Multilingual Adaptation of Large Language Models via Continual Pretraining

32,000
Awarded Resources (in node hours)
MareNostrum5 ACC
System Partition
3 June 2024 - 2 June 2025
Allocation Period

AI Technology: Natural Language Processing, Generative Language Modeling

 

The project team proposes a suite of multilingual continual pretrained Dense and Mixture-of-Expert (MoE) models at different size tiers for different types of workloads that have different inference compute constraints. 

The project is composed of two main phases: a continual pretraining phase of dense models and another of MoE models.

The first is motivated on 

  • (i) the fact that adapting existing pretrained models is considerably less expensive than pretraining a model from scratch and; 
  • (ii) leverages Unbabel extensive experience in developing adapted LLMs. 

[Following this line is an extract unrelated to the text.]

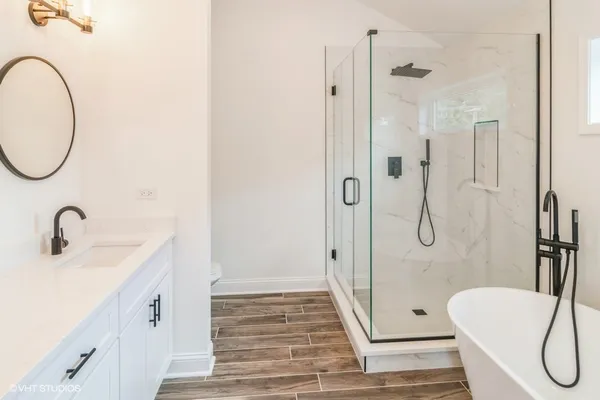 a bathroom with a sink a toilet a mirror and shower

The second phase is motivated on MoE models rivaling dense models of bigger capacity at a much lower training and inference cost. 

The outcomes of this project would boost Unbabel's position in the language technologies space, with a tiered model suite that could be used to deliver high-quality services across a wide range of domains, applications, and languages. 

Likewise, the outcomes of this project will also help the research community working on multilingual language applications by releasing a new suite of advanced language models, combined with details on how they are produced.